__YOUR INSTRUCTIONS__
Take the lines below from the one with "Used 2023 Alfa" through the one with "부직포나라 중금속유해물질ZERO 뜯어쓰는" and print only them, exactly. Don't print the pictures.

*** Opening RECORDED INFORMATION ***

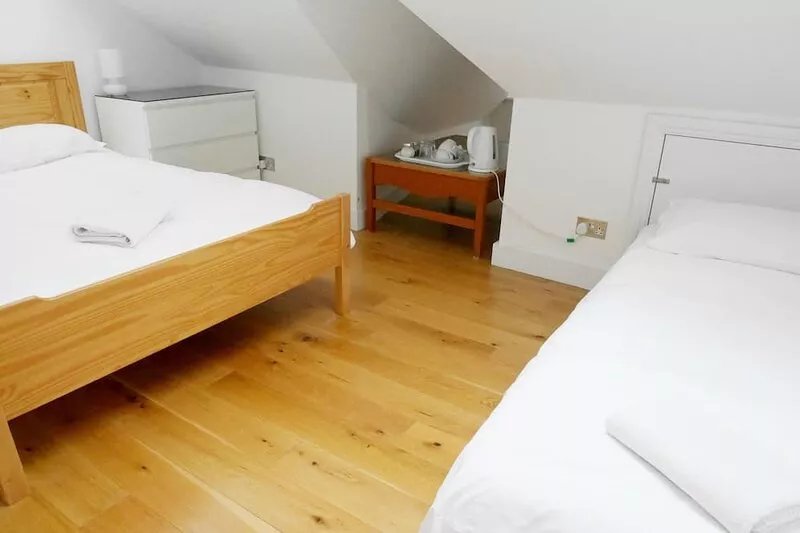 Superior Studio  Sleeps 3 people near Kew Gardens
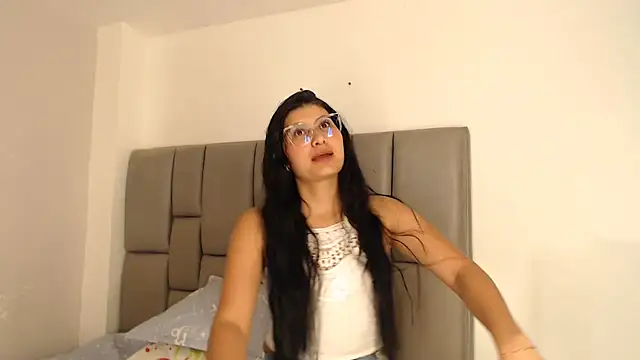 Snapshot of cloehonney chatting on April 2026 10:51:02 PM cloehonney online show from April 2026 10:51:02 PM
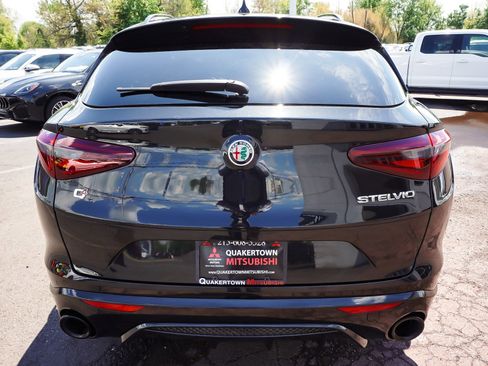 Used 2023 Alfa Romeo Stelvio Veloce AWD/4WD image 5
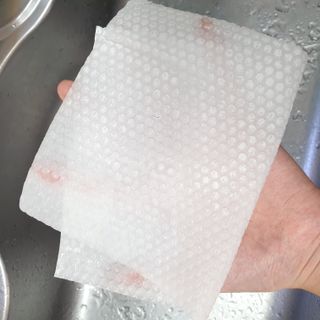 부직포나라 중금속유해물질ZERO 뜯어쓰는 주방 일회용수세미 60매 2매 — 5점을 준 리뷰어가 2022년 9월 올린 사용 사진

*** Closing RECORDED INFORMATION ***
*** Opening RECORDED INFORMATION ***

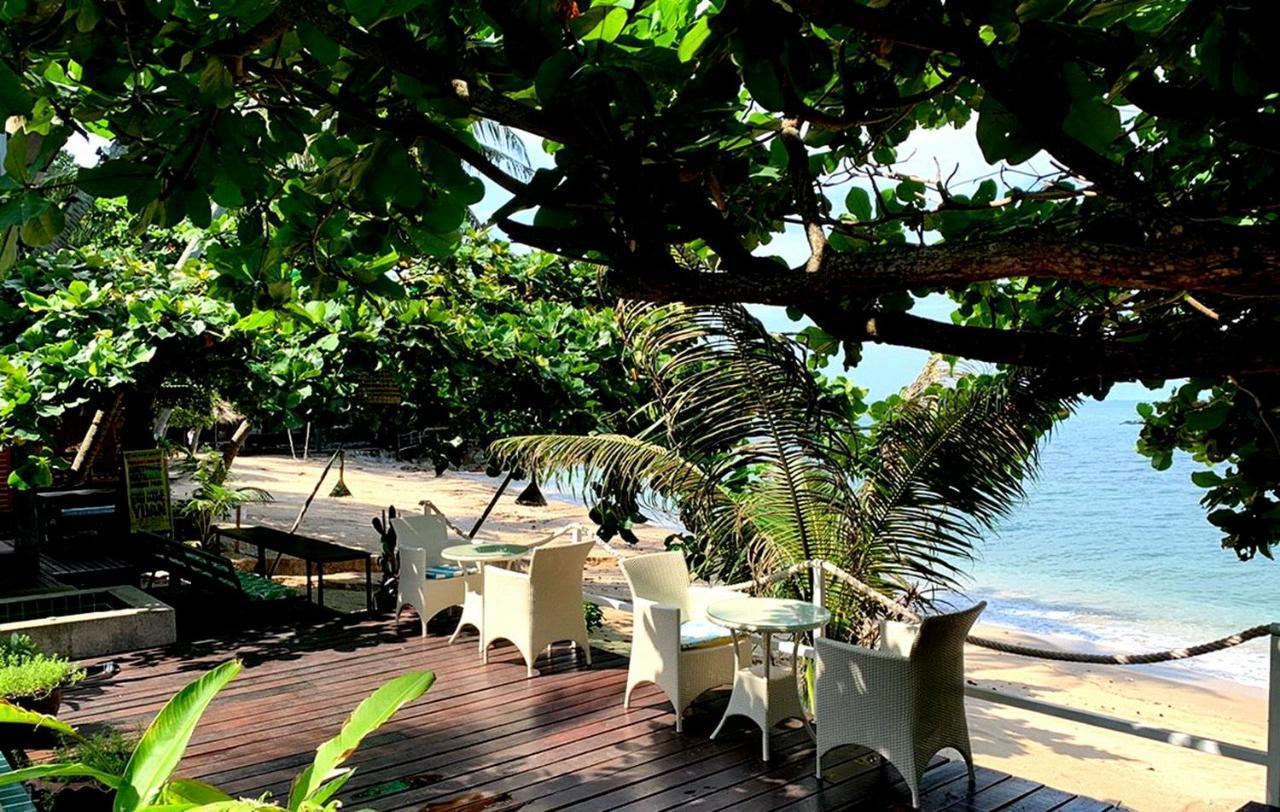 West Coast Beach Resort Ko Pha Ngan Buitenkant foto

*** Closing RECORDED INFORMATION ***

__ANSWER__
 Used 2023 Alfa Romeo Stelvio Veloce AWD/4WD image 5
 부직포나라 중금속유해물질ZERO 뜯어쓰는 주방 일회용수세미 60매 2매 — 5점을 준 리뷰어가 2022년 9월 올린 사용 사진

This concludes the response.